#### The task
What do the lines say from the start of the entries through the one containing "Camisa Flamengo Pré-Jogo"? Repeat them exactly.

#### Data for this exercise
+ + + + +

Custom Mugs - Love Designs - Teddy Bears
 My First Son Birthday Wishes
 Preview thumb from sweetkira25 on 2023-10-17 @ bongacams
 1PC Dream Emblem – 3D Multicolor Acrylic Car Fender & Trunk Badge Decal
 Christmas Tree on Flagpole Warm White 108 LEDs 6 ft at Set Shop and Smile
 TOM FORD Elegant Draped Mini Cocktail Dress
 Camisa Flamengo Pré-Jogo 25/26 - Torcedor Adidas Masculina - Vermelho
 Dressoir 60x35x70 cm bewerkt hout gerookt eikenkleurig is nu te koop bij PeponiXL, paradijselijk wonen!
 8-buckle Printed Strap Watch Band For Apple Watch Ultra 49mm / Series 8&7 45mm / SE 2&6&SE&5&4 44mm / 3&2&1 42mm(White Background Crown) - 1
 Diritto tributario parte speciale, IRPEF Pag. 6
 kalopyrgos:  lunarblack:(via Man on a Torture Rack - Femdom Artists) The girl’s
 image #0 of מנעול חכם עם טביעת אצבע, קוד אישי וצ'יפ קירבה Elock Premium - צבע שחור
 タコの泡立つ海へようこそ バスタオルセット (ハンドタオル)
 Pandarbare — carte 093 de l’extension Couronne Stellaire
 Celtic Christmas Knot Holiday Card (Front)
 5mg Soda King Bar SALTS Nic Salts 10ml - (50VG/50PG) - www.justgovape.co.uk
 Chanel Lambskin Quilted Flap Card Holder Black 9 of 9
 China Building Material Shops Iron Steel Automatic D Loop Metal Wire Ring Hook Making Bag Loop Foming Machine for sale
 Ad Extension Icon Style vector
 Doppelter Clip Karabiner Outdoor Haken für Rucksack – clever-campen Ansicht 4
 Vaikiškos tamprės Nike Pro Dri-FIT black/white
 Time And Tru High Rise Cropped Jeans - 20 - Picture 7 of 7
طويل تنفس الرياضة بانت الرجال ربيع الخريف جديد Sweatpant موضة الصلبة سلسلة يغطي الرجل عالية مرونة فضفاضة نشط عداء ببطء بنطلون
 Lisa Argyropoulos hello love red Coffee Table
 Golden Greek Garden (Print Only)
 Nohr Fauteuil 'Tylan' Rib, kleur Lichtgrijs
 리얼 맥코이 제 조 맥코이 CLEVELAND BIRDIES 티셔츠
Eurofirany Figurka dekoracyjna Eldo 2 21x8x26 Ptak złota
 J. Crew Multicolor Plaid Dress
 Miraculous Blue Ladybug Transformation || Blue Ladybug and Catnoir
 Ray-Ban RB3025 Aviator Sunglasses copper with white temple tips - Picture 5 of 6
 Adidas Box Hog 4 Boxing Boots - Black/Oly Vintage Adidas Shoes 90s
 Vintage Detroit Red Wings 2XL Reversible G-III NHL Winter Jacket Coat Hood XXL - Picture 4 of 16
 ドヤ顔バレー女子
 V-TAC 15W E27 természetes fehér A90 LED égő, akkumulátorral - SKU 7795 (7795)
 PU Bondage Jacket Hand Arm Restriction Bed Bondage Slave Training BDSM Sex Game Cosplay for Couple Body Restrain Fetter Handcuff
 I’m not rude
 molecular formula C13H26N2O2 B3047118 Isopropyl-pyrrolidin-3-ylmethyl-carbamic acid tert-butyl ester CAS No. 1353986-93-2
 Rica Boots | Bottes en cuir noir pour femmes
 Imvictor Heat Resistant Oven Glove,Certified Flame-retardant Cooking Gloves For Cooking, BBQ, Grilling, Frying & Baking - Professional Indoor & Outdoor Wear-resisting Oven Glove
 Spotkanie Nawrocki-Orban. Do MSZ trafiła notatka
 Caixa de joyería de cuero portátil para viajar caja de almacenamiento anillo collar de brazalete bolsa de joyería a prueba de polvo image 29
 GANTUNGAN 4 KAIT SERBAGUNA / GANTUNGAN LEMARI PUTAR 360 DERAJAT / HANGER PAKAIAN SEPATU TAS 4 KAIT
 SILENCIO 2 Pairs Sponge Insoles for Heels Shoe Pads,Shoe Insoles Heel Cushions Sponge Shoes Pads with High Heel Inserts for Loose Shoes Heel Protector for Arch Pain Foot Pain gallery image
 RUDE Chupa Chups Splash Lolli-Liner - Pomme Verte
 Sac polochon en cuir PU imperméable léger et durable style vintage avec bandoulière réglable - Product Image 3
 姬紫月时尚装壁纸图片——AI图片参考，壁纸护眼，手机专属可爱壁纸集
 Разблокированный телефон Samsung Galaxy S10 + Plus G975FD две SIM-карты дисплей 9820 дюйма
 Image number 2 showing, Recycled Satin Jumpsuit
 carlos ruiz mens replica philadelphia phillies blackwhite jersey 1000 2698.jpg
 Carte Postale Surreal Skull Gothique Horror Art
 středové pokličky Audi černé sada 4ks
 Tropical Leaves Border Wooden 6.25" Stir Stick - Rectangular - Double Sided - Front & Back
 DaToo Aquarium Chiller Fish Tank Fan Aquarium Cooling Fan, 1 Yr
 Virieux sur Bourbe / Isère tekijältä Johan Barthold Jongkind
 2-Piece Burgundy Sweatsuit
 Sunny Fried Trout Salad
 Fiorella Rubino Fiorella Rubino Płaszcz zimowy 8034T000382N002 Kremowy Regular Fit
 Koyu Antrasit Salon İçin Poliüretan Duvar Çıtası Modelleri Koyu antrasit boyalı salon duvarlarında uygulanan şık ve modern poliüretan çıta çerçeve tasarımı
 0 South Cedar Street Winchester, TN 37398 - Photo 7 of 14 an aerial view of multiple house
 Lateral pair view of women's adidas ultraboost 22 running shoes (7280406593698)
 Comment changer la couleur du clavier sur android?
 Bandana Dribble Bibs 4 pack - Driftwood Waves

+ + + + +

#### Output for this task
Custom Mugs - Love Designs - Teddy Bears
 My First Son Birthday Wishes
 Preview thumb from sweetkira25 on 2023-10-17 @ bongacams
 1PC Dream Emblem – 3D Multicolor Acrylic Car Fender & Trunk Badge Decal
 Christmas Tree on Flagpole Warm White 108 LEDs 6 ft at Set Shop and Smile
 TOM FORD Elegant Draped Mini Cocktail Dress
 Camisa Flamengo Pré-Jogo 25/26 - Torcedor Adidas Masculina - Vermelho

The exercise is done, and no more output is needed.